All of which is true enough, but what it amounts to is this--that artistic rules cannot invent the poetic thought and utterance; it does not mean that the inventing Muse ever ignores the rules of art. And, as a matter of fact, there never is, in Hellenic poetry, anything of utter abandonment. There is reason, warmed and coloured by sentiment and imagination, but reason is never imperilled by any conflagration of emotion.
We began by saying that in all our modern thought and conduct we are either more Hebraic or more Hellenic one than another. In what Carlyle would call our heroes, in our writers, and in our own lives, the one spirit or the other predominates. Happy, but exceeding rare, is he who blends the best elements of both. Literature, perhaps, affords the readiest means of illustration.

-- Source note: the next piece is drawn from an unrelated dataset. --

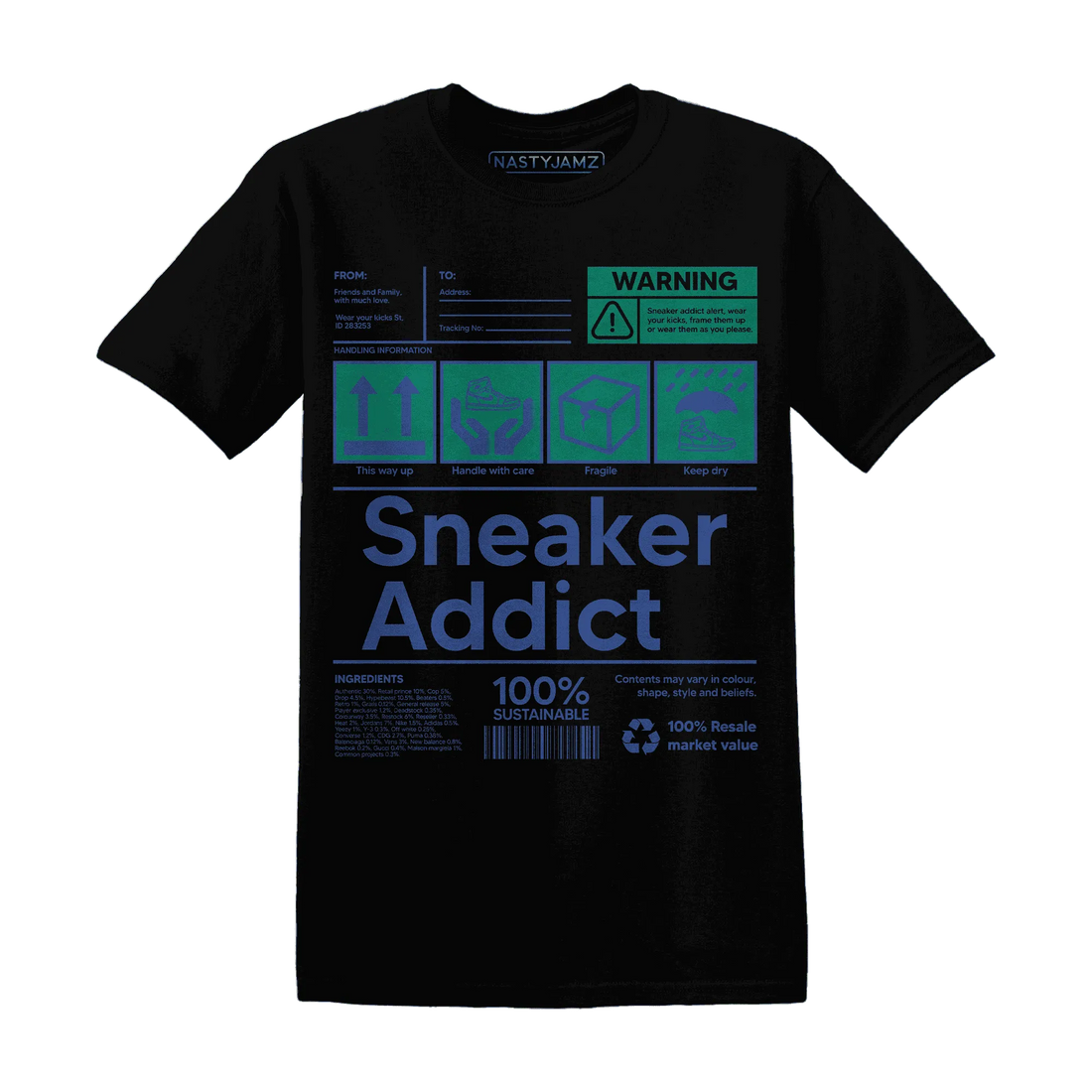 Dunk-Hyper-Royal-Malachite-NastyJamz-T-Shirt-Match-Sneaker-Addict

Not every sentiment, it is true, of modern European letters has been either distinctly Hellenic or distinctly Hebraic in its character. The spirit of romantic poetry, and of the poetry of nature, has no analogy in Greece or Palestine. Nevertheless, inasmuch as no great European writer has failed to pass under the moral influence of Christianity or of Judaism, or to feel directly or indirectly the intellectual influence of Greece, we may, in those great voices of a generation who are called its great writers, listen for the differing tones of these differing forces, as betrayed either in their substance or in their form.
It is not easy to select complete types of one or the other. Roughly, perhaps, one might speak of the Hebraic Dante, Bunyan, or Carlyle; of the Hellenic Johnson, Goethe or Tennyson: but one could not rightly draw up two catalogues of authors and set them in contrast as perfect embodiments, the one of Hebraism, the other of Hellenism. On the other hand, it is not so difficult in the case of a great writer to distinguish his Hebraic from his Hellenic moods and manners, and to gather how far the one element or the other holds the chief sway in him. That Dante's moral force is Hebraic is the natural and correct impression of one who compares the _Divine Comedy_ with the _Odyssey_ of Homer on the one side, and with the _Psalms_ or Isaiah on the other. Yet even in Dante there is a certain repose of contemplation and a careful justness of language which belong rather to the Hellene. The character of Luther, again, might seem wholly Hebraic to those who see him only as a zealot of fiery controversy, so carried out of himself that his very visions of Beelzebub acquired all the vividness of reality. Yet there are times when another spirit is upon him, when his reasoning is cool and colourless as that of a Greek philosopher. The misfortune of Luther is that he could not, as a Melancthon in large measure could, amalgamate the best elements of these complementary natures.